▶ [Data to use]
▬▬▬▬▬▬

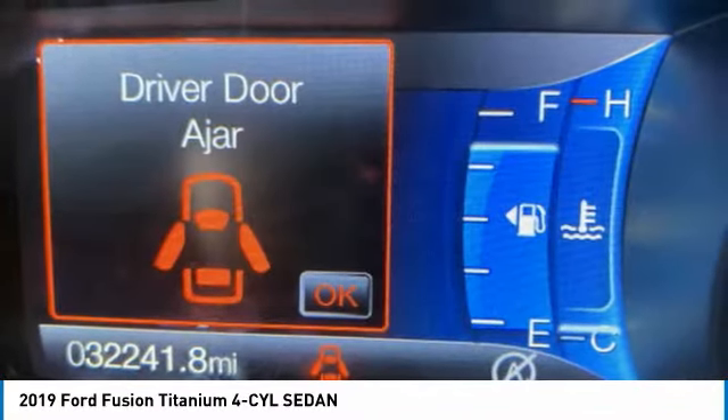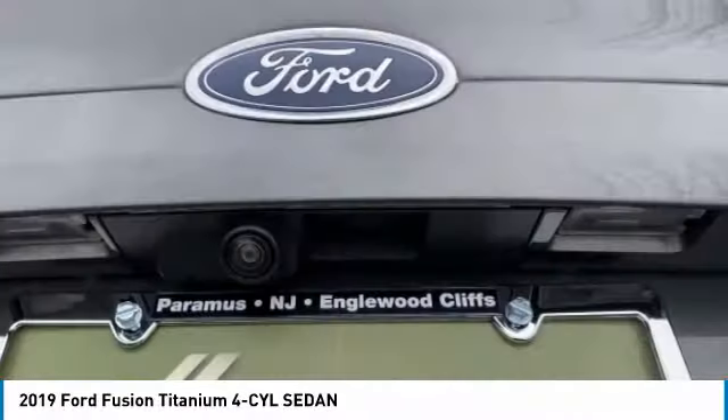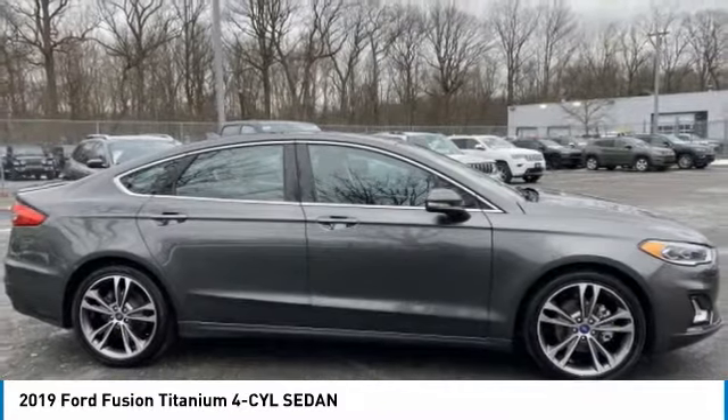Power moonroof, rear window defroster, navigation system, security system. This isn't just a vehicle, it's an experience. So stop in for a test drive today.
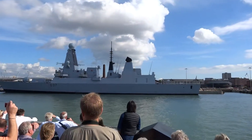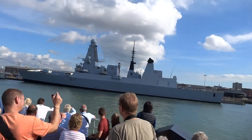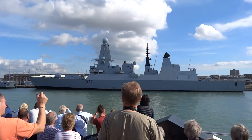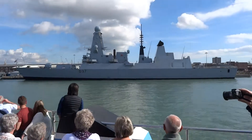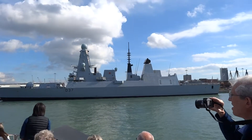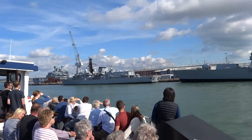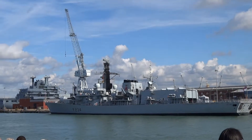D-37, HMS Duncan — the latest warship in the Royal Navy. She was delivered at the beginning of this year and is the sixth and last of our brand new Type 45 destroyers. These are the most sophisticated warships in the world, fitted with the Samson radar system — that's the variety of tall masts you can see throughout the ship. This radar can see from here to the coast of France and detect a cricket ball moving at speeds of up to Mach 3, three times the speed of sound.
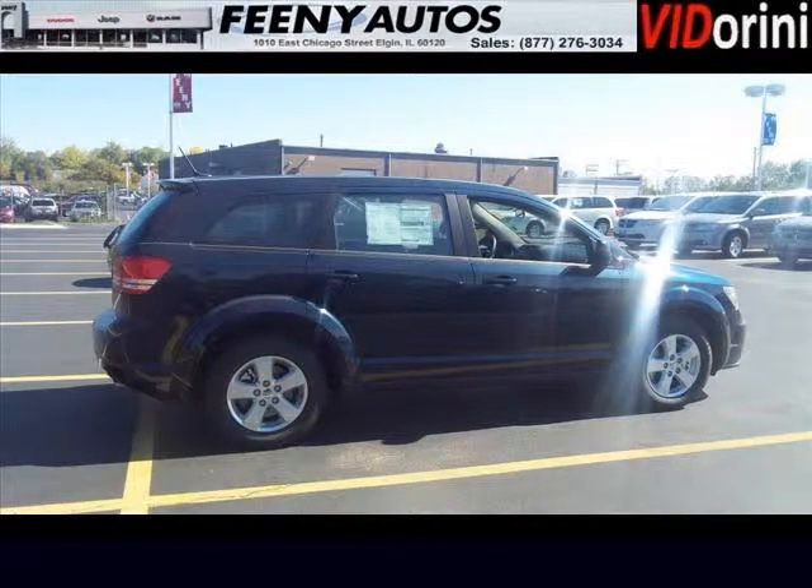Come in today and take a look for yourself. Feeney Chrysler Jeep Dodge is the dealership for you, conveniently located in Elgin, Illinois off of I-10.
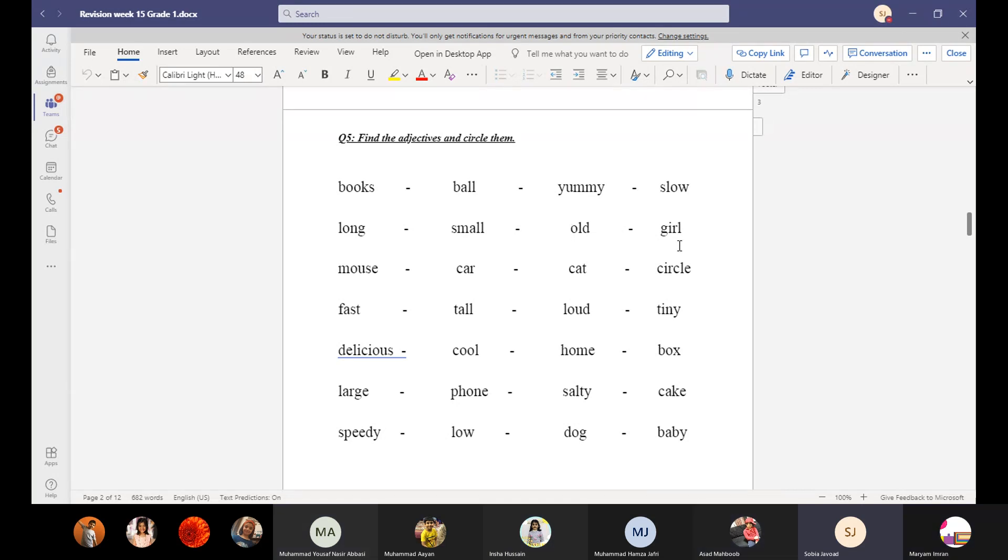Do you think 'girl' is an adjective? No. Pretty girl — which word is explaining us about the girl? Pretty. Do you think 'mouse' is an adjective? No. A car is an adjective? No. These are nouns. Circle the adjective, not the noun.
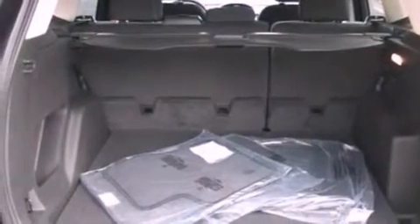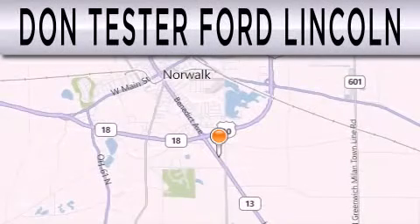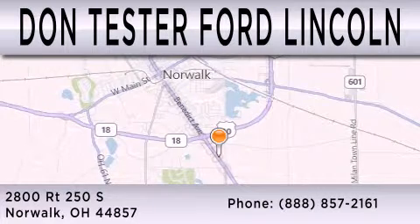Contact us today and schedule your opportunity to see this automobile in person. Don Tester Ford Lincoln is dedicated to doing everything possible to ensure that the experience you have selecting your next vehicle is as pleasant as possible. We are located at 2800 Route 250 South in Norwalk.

▬▬▬▬▬▬

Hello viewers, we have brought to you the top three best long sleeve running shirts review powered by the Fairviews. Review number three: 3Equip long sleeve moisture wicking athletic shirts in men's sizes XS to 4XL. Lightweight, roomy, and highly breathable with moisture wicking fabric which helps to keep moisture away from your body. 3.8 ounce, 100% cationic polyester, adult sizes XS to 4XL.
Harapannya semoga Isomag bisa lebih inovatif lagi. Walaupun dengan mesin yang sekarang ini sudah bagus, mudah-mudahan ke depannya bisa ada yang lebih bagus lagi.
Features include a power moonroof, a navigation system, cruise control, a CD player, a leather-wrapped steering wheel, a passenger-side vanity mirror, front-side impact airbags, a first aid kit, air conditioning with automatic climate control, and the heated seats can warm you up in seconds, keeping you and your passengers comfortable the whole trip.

▬▬▬▬▬▬

▶ [Exercise objective]
Make an exact copy of the lines above, beginning with the line with "Come in today" and ending with the line with "Do you think 'girl'", and keep the pictures out of it.

▶ [Task output]
Come in today and take a look for yourself. Feeney Chrysler Jeep Dodge is the dealership for you, conveniently located in Elgin, Illinois off of I-10.
Do you think 'girl' is an adjective? No. Pretty girl — which word is explaining us about the girl? Pretty. Do you think 'mouse' is an adjective? No. A car is an adjective? No. These are nouns. Circle the adjective, not the noun.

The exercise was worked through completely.